Baldwin Lauren A, Pavlik Edward J, Ueland Emma, Brown Hannah E, Ladd Kelsey M, Huang Bin, DeSimone Christopher P, van Nagell John R, Ueland Frederick R, Miller Rachel W
Division of Gynecologic Oncology, Department of Obstetrics and Gynecology, The University of Kentucky Chandler Medical Center and the Markey Cancer Center, 800 Rose Street, Lexington, KY 40536-0293, USA.
Diagnostics (Basel). 2017 Mar 8;7(1):16. doi: 10.3390/diagnostics7010016.

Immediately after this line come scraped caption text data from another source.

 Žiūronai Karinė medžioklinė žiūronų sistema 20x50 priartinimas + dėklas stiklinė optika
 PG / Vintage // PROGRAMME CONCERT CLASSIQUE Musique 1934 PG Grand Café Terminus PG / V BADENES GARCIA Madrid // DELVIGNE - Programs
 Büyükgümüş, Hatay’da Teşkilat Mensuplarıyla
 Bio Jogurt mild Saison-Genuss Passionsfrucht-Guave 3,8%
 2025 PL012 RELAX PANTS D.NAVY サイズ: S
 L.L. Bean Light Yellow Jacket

The aim of this study was to evaluate complications of surgical intervention for participants in the Kentucky Ovarian Cancer Screening Program and compare results to those of the Prostate, Lung, Colorectal and Ovarian Cancer Screening trial. A retrospective database review included 657 patients who underwent surgery for a positive screen in the Kentucky Ovarian Cancer Screening Program from 1988-2014. Data were abstracted from operative reports, discharge summaries, and office notes for 406 patients. Another 142 patients with incomplete records were interviewed by phone. Complete information was available for 548 patients. Complications were graded using the Clavien-Dindo (C-D) Classification of Surgical Complications and considered minor if assigned Grade I (any deviation from normal course, minor medications) or Grade II (other pharmacological treatment, blood transfusion). C-D Grade III complications (those requiring surgical, endoscopic, or radiologic intervention) and C-D Grade IV complications (those which are life threatening) were considered "major". Statistical analysis was performed using SAS 9.4 software. Complications were documented in 54/548 (10%) subjects. For women with malignancy, 17/90 (19%) had complications compared to 37/458 (8%) with benign pathology ( < 0.003). For non-cancer surgery, obesity was associated with increased complications ( = 0.0028). Fifty patients had minor complications classified as C-D Grade II or less. Three of 4 patients with Grade IV complications had malignancy ( < 0.0004). In the Prostate, Lung, Colorectal and Ovarian Cancer Screening trial, 212 women had surgery for ovarian malignancy, and 95 had at least one complication (45%). Of the 1080 women with non-cancer surgery, 163 had at least one complication (15%). Compared to the Prostate, Lung, Colorectal and Ovarian Cancer Screening trial, the Kentucky Ovarian Cancer Screening Program had significantly fewer complications from both cancer and non-cancer surgery ( < 0.0001 and = 0.002, respectively). Complications resulting from surgery performed as a result of the Kentucky Ovarian Cancer Screening Program were infrequent and significantly fewer than reported in the Prostate, Lung, Colorectal and Ovarian Cancer Screening trial. Complications were mostly minor (93%) and were more common in cancer versus non-cancer surgery.
本研究旨在评估肯塔基州卵巢癌筛查项目参与者手术干预的并发症,并将结果与前列腺、肺、结肠直肠癌和卵巢癌筛查试验的结果进行比较。一项回顾性数据库审查纳入了1988年至2014年期间在肯塔基州卵巢癌筛查项目中因筛查呈阳性而接受手术的657例患者。从406例患者的手术报告、出院小结和门诊记录中提取数据。另外142例记录不完整的患者通过电话进行了访谈。548例患者获得了完整信息。并发症采用Clavien-Dindo(C-D)手术并发症分类法进行分级,如果分级为I级(任何偏离正常病程、使用小剂量药物)或II级(其他药物治疗、输血)则视为轻微并发症。C-D III级并发症(需要手术、内镜或放射学干预的并发症)和C-D IV级并发症(危及生命的并发症)被视为“严重”并发症。使用SAS 9.4软件进行统计分析。548例受试者中有54例(10%)记录了并发症。对于患有恶性肿瘤的女性,90例中有17例(19%)出现并发症;而良性病变的458例中有37例(8%)出现并发症(P<0.003)。对于非癌症手术,肥胖与并发症增加相关(P=0.0028)。50例患者出现分类为C-D II级或更低级别的轻微并发症。4例IV级并发症患者中有3例患有恶性肿瘤(P<0.0004)。在前列腺、肺、结肠直肠癌和卵巢癌筛查试验中,212例女性因卵巢恶性肿瘤接受手术,95例至少出现一种并发症(45%)。在1080例接受非癌症手术的女性中,163例至少出现一种并发症(15%)。与前列腺、肺、结肠直肠癌和卵巢癌筛查试验相比,肯塔基州卵巢癌筛查项目在癌症手术和非癌症手术中出现的并发症均显著更少(分别为P<0.0001和P=0.002)。肯塔基州卵巢癌筛查项目导致的手术并发症发生率较低,且显著低于前列腺、肺、结肠直肠癌和卵巢癌筛查试验报告的发生率。并发症大多为轻微并发症(93%),在癌症手术中比非癌症手术中更常见。